A creamy fall cheesecake layered with cinnamon-spiced apples and topped with a golden oat crumble. Cozy, rich, and full of seasonal flavor.
Crust:
200g digestive biscuits or graham crackers
100g melted butter
1 tbsp brown sugar (optional)
Cheesecake Filling:
600g cream cheese
150g sour cream
150g granulated sugar
3 large eggs
2 tbsp cornstarch
1 tsp vanilla extract
Apple Layer:
2 medium apples, peeled and diced
2 tbsp butter
2 tbsp brown sugar
1/2 tsp cinnamon
1/8 tsp nutmeg
Crumble Topping:
1/2 cup all-purpose flour
1/2 cup rolled oats
1/3 cup brown sugar
1/2 tsp cinnamon
1/4 cup cold unsalted butter, cubed
Preheat oven to 160°C (320°F). Prepare pan with parchment and grease.
Make crust: mix crumbs, butter, and sugar. Press into pan and bake for 8–10 min.
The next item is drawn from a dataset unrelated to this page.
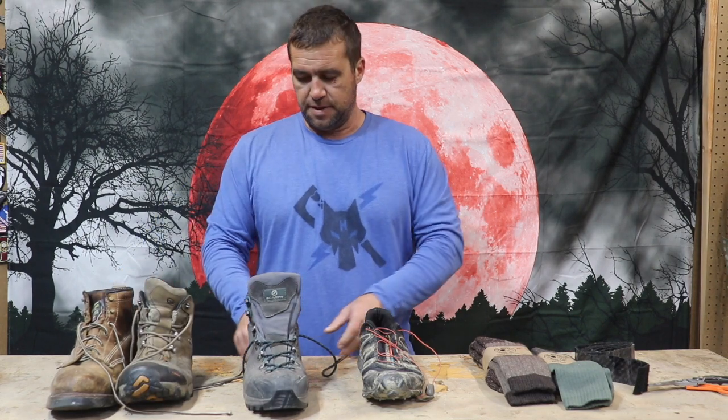One of the questions that came in this week is about footwear and foot care. While that could be a much longer video, I'll try to keep it compressed down to something reasonable for your basic stuff. First of all, in my opinion, does it have to be a boot?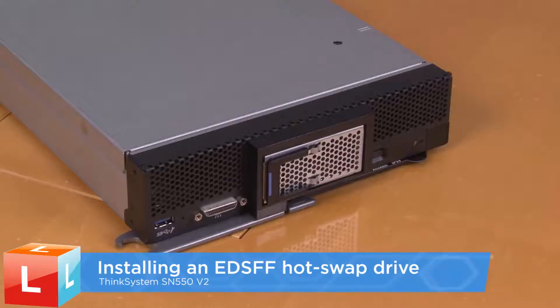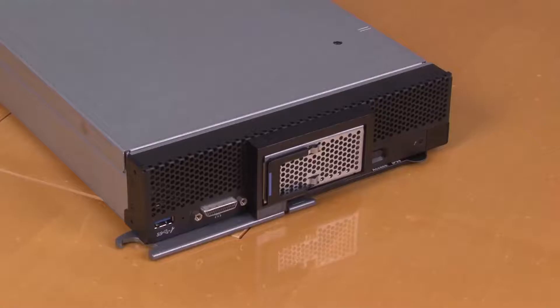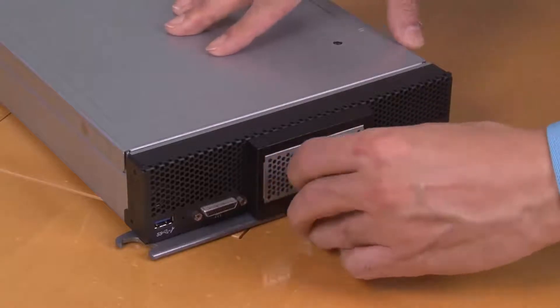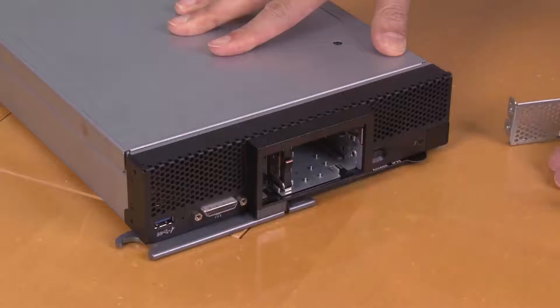Installing an EDSFF hotswap drive. Hold the handle of the EDSFF drive cage bezel and pull it out of the compute node to access the EDSFF drives.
Cool.
Cook diced apples with butter, sugar, and spices until softened. Set aside.
Make cheesecake filling: beat cream cheese, sugar, sour cream, vanilla, and cornstarch. Add eggs one at a time.
Pour filling over crust. Top with apple mixture.
Mix crumble ingredients and sprinkle over the top.
Bake in water bath for 55–65 min. Cool in oven, then chill 6+ hours.
Slice and serve with whipped cream or caramel drizzle.
Use a water bath for best texture.
Store chilled for up to 4 days.
Freeze individual slices for longer storage.